No, they’re not, and yes, it is. Regulation is both realistic and essential. 

But let’s start by dropping the idea of utopia. Utopias tend to be totalising systems – they promise to solve all problems at once using some semi-magical set of tools. In our time, the magical tools are digital technologies. But they’re not magical at all – they are the product of corporate and state enterprise and in the West, they are largely developed and deployed to serve the interests of commercial firms and their owners. Mark Zuckerberg may market Facebook as a tool to improve interpersonal relationships, but as a generation of scholarship has taught us, it has also been a profit-driven engine of political polarisation around the world. The fantasy that being able to talk to one another on screen would somehow create a warmer, more intimate society is and always has been just that: a fantasy.

The question is: How can we help the technologies we’ve built serve the public interest? 

We can start by disbelieving the claims that accompany each new technology, the claims that this device or system – social media, AI, cryptocurrency – will change the world. This is marketing, not reality. When we burn away the marketing cloud, we can start to see the work of these technologies not as new and magical, but often, as new iterations of an old industrial processes. 

Social media firms, for instance, make their money mining our social interactions, transforming them into data, and reselling that data. Like oil exploration or coal mining, their work has had terrible environmental effects. Facebook has literally helped pollute America’s political culture, not to mention the politics of other nations. 

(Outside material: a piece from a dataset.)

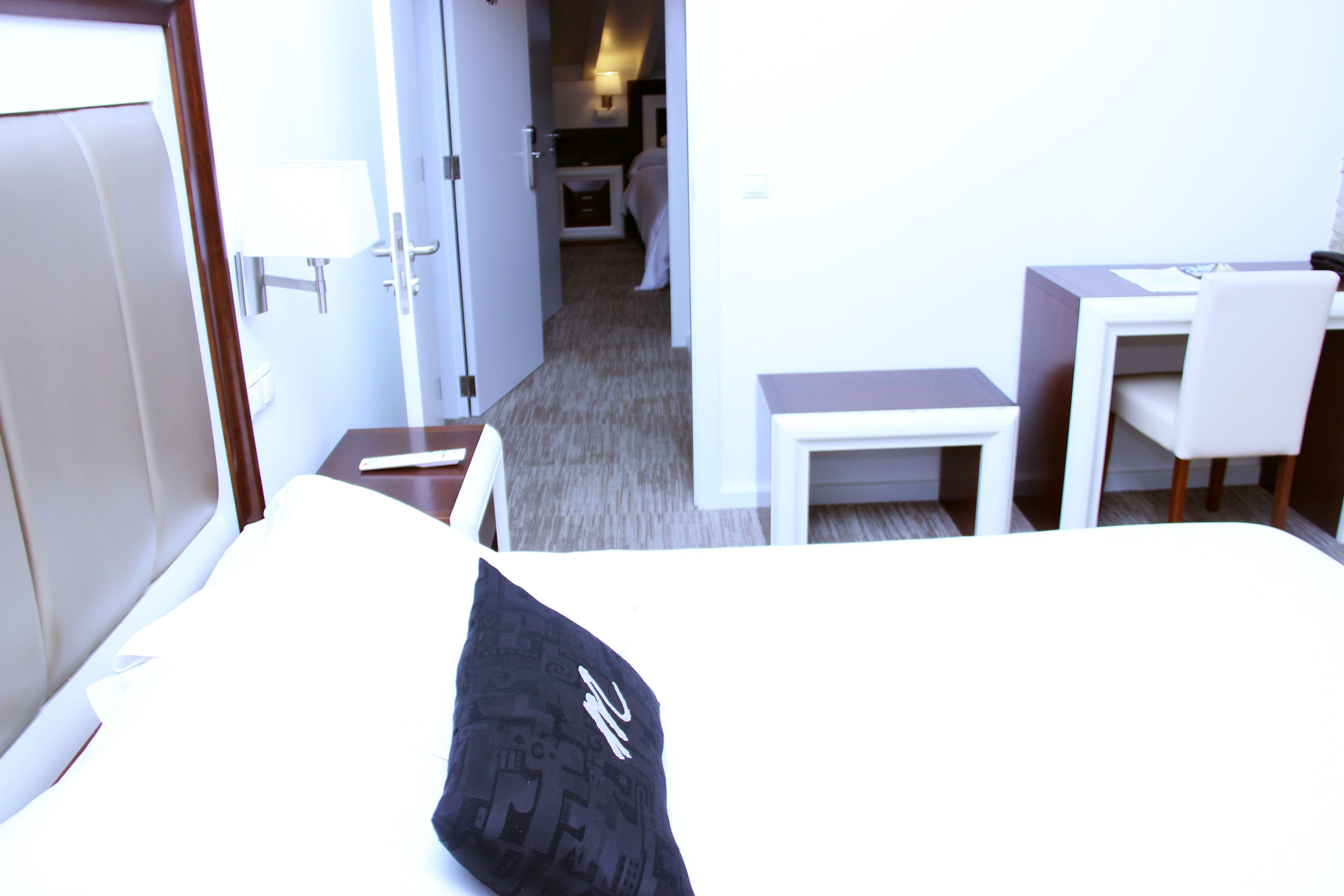 A hotel room with a bed, a desk, a chair, and a small table.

Across the twentieth century, governments found a way to identify and manage the social consequences of drilling for oil and coal, albeit only after great struggle. We need to do the same thing now for social media, as well as AI and cryptocurrency. The alternative is a political version of global warming, a slow pernicious rise in the temperature of public debate and a melting away of civility.  

How can future generations, among which students from Sciences Po, help the utopia thrive and change the world in a positive manner? 

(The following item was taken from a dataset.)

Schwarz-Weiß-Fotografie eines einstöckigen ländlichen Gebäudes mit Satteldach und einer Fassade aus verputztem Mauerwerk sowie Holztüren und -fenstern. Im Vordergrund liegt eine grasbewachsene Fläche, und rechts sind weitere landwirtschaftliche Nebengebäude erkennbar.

Well, I’m afraid that many years of studying promises of technological utopia tells me that utopias are not what we should fight for. We need to fight for things that are much more mundane: the survival of representative government; the reduction of economic inequality; a halt to carbon pollution and climate change. Technology will play a role in all of these efforts and Sciences Po students will have the training and institutional access to figure how best to use it

Some social problems are amenable to technological solutions; many are not. Sciences Po students will have training to let them see which is which, and to improve the world accordingly.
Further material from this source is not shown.